Counterintuitively, sea levels tend to fall near a melting ice sheet, and rise elsewhere around the globe. If the Greenland ice sheet melted entirely, for example, sea level would drop an estimated 20 to 50 meters near the coast. That is in part because the 3,000-trillion-ton ice sheet is so large that it exerts gravitational pull on the seas around it, which would be lost; and in part because the Earth’s crust, relieved of the weight of ice above it, would rebound, raising the elevation of land relative to the ocean. Both forces—diminished gravitational pull, and displacement of ocean water by ascending planetary crust—had been predicted to cause sea level to rise more than the global average beyond 2,000 kilometers from Greenland (For more about this and other aspects of Mitrovica’s research, read the Harvard Magazine feature article, “The Plastic Earth”).

The modern theoretical and computational modeling of these effects was pioneered in the Mitrovica lab, which rarely ventures into analysis of contemporary data. But in this case, he said in an interview, “we were lucky to work with David Sandwell,” an “important figure in what’s known as geodesy,” the study of the Earth’s shape, orientation in space, and gravitational field. Sandwell, a professor at the University of California, San Diego (and senior author of the paper), is an expert in this kind of data analysis.

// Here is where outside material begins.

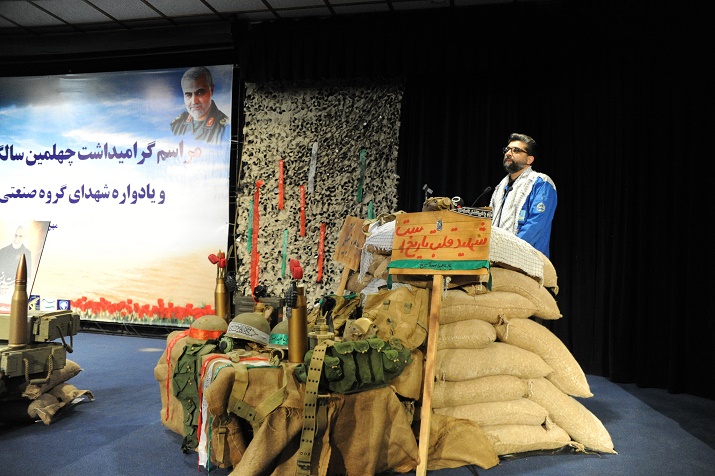 ایران خودرو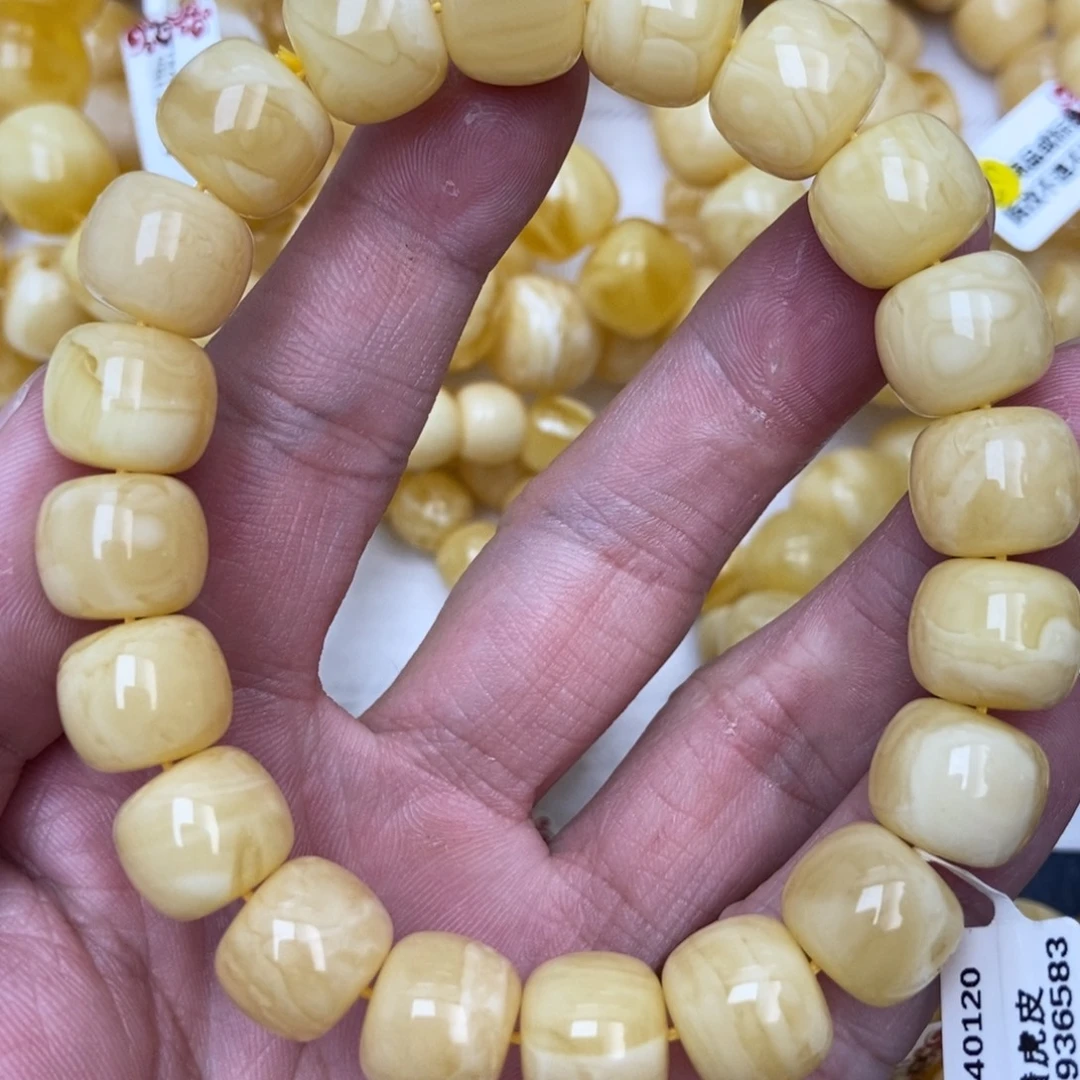 裸石蜜蜡未镶嵌12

Nevertheless, the effects of a melting ice sheet on sea level are difficult to detect. There is tremendous “noise” in measurements of sea surface height, caused mainly by shifting tides, currents, and winds. Water temperature and salinity also affect ocean volume, and all these dynamics must be accounted for to discern millimeter-scale changes in sea level that occur across decades. What led to the breakthrough analysis in this case was the release of satellite altimetry data (by a European marine monitoring agency) that included measurements from northerly latitudes including much of coastal Greenland. This is where the fingerprint of the island’s melting ice sheet was predicted to be most pronounced—with 10 millimeters of plunging sea-level for every millimeter that Greenland contributes to average global sea-level rise. 

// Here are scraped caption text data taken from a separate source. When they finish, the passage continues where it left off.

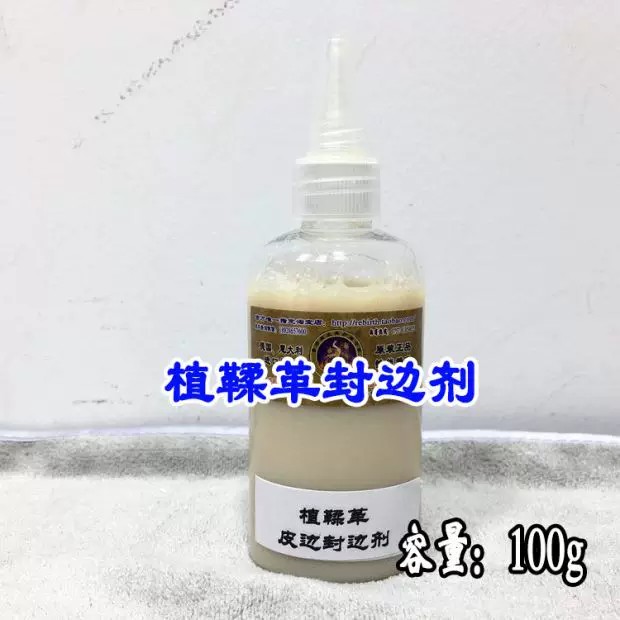 Vegetable-Tanned Leather Edge Sealer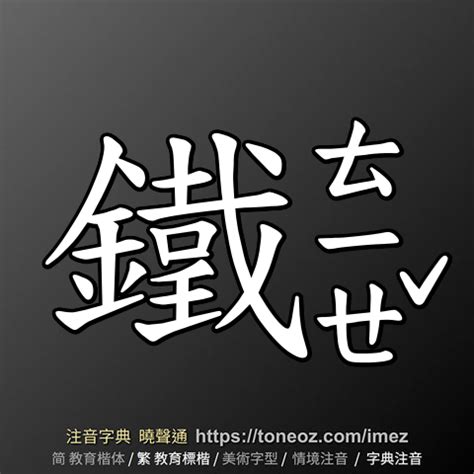 鐵口|鐵口意思，鐵口注音，拼音,漢語辭典 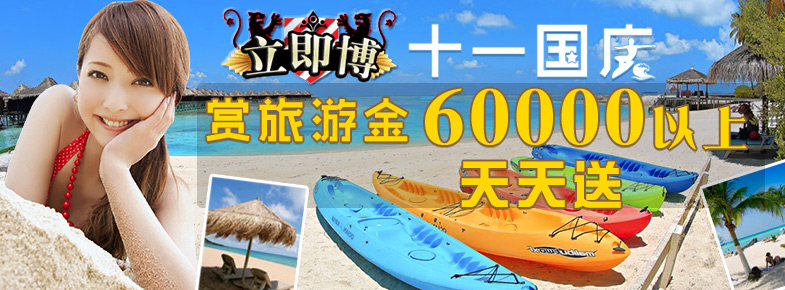 立即博~免费斗地主万元奖金还是7000up免费旅游金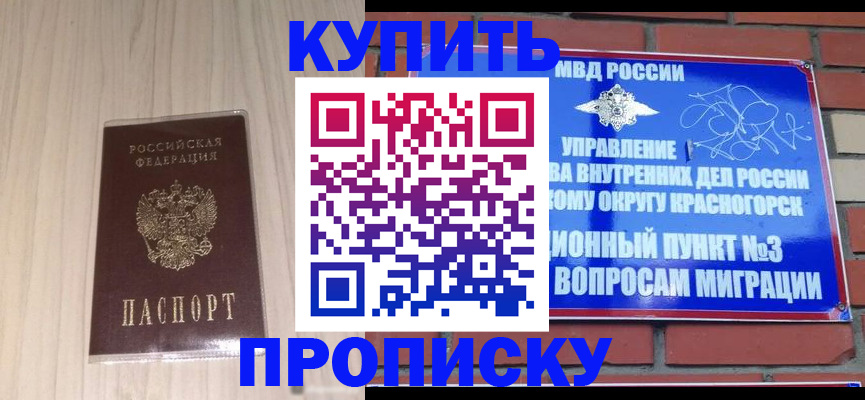 временная регистрация для всех в Туринске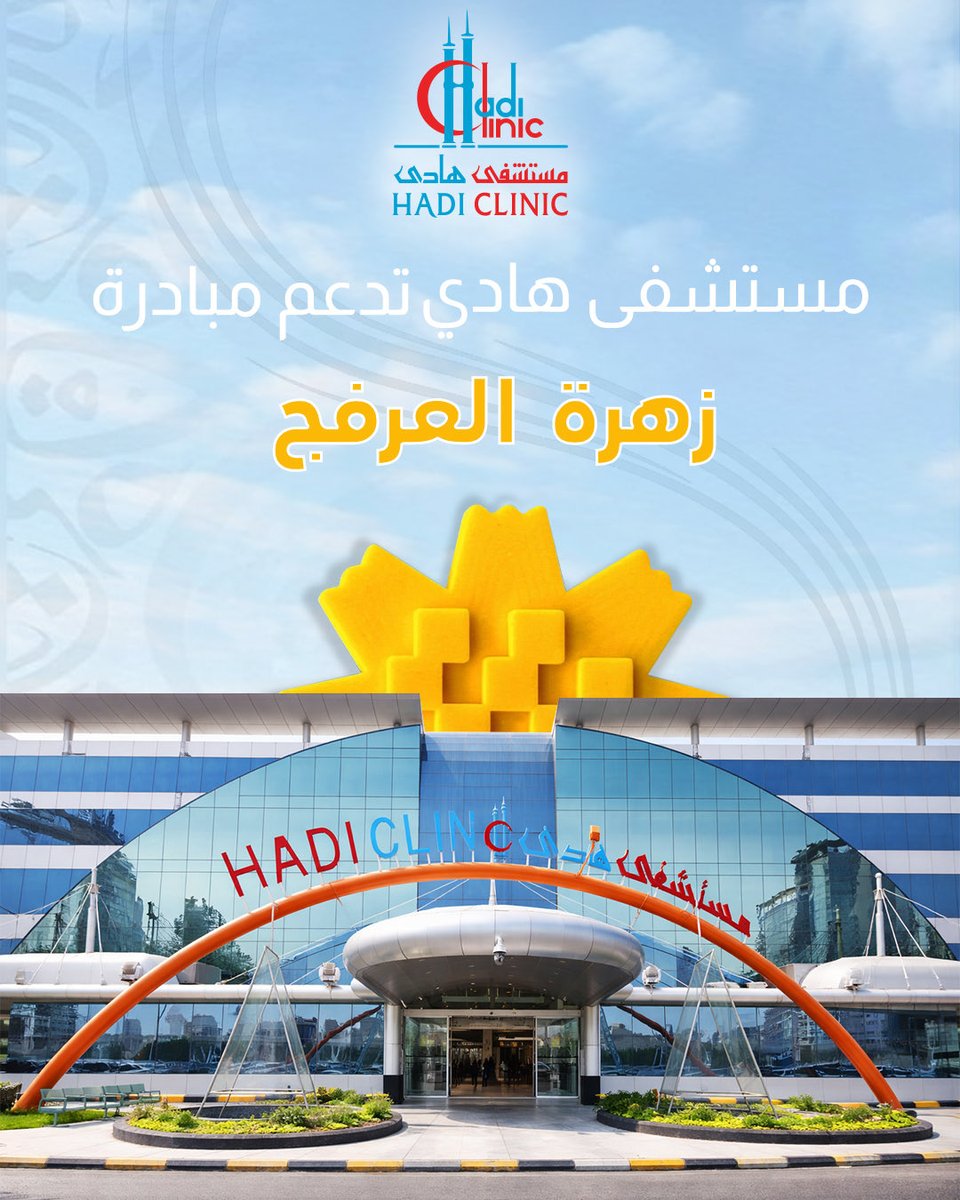 مستشفى هادي Hadi Clinic tweet media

Shaded lower region shows the predicted drop in sea level near Greenland by latitude along a south to north axis. The upper line, with error bars, shows the measured drop in sea levels derived from satellite altimetry data during the period from 1993 to 2019. The trends track closely except at the highest latitudes, where the effects of the ice sheet melting are most pronounced. There, the measured sea height (upper line) does not decline as rapidly as the Greenland fingerprint model predicts. The difference between the two lines—about a millimeter—represents the growing contributions to sea level rise from melting ice elsewhere in the world, explains Mitrovica, from glaciers in Alaska to ice sheets in Antarctica.

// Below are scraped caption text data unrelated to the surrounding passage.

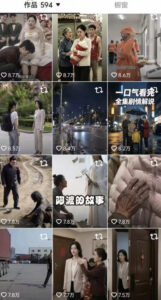 抖音卡转发搬运8.0,仅限苹果手机,卡转发+卡蝶片,暂停不显示原作者,碟片显示自己头像-网赚资源网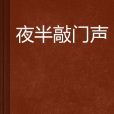 夜半敲門聲(隱菊仙子創作言情小說)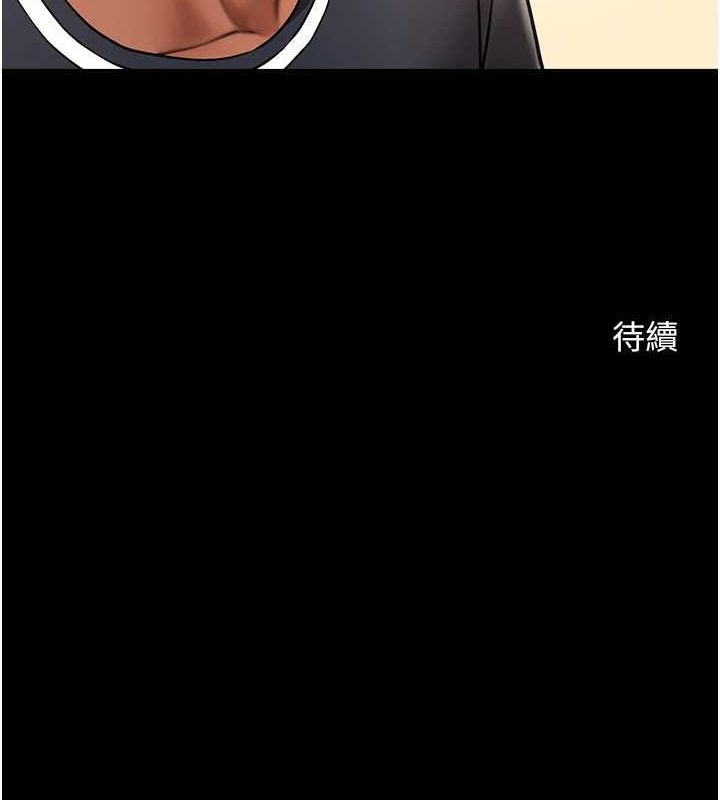 第160話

Reprinted with permission from S. Coulson et al., Science, Volume 337:1550 (2022)

Most satellites don’t have high-polar orbits, explains Mitrovica, but a few pass occasionally above high-latitude regions like Greenland. Over time, the cumulative data from these observations, which in this case span the period from 1993 to 2019, can be used to accurately calculate long-term changes in sea level. The researchers compared the satellite observations to their modeled fingerprints of sea-level change attributable to the Greenland ice sheet for two periods: from 1993 to 2019, the full length of the altimetry dataset; and for 2002 to 2019, a period of accelerated melting. The models and observations matched for both periods, unambiguously validating decades of theoretical work.

The observed drop in sea levels near Greenland has bleak implications for coastal communities distant from this and other ice sheets, however. Seas along coastal South America, western Africa, East Asia, and Australia are already rising more rapidly than the global average.